Last updated on December 10, 2018
The arrest and subsequent conviction of former NYPD Police Officer Michael Dowd highlighted the perils of decades long corruption that plagued many precincts in the New York City Police Department. Dowd and several other officers had engaged in a multitude of crimes ranging from narcotics trafficking and possession, armed robbery and accessories to murder . Several had even violated department protocol by appearing for work under the influence of alcohol or narcotics or sometimes both. When the scandal in the 75th precinct made headlines, a whole city was stunned and for many, it confirmed many of their beliefs about the NYPD being a corrupt agency full of crooked cops. The fallout from the scandal would force Mayor David Dinkins and Police commissioner Lee Brown to act quickly. The Mollen Commission was created to investigate the pattern of police corruption that had been plaguing the City of New York. Its final report was published in July, 1994 and remains freely available for those interested in one of the darkest periods in New York City history.

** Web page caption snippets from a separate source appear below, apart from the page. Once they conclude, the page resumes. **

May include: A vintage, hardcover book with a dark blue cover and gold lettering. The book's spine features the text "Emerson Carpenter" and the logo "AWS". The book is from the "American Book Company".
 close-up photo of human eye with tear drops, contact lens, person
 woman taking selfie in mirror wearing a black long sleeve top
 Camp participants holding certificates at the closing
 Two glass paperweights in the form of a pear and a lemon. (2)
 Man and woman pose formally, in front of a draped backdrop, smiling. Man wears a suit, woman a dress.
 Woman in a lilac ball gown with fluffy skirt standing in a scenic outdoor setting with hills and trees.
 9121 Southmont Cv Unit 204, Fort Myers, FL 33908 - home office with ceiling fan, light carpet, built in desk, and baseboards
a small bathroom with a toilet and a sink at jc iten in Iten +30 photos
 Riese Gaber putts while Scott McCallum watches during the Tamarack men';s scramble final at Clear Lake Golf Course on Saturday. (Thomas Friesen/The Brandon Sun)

One nagging question that never went away was how was Dowd and the other cops allowed to operate for so long without being noticed? The official story was that their activities were well hidden from prying eyes. However, the late Mike McAlary (1957-1998) who worked for the NY Daily News for 12 years, brings us the story of retired officer Joseph Tromboli who pursued Dowd for several years before he was apprehended by Suffolk County detectives in a separate drug trafficking case. And what we learn in Tromboli’s story sheds light on the repeated failures of the Internal Affairs Division of the NYPD to remove Dowd from the NYPD and formally charge him with the many crimes he had been freely committing. A seasoned investigator and no-nonsense officer, Tromboli dedicated his life to catching down and in the process sacrificed his own happiness and many important parts of his life. His efforts however, were not in vain and upon the publishing of the scandal in the City’s newspapers and the Mollen Commission that followed, Tromboli would be vindicated as the cop who had tried but was prevented from bringing down the most corrupt cop in New York City history. This is his story and the good, the bad and the ugly side of the blue wall.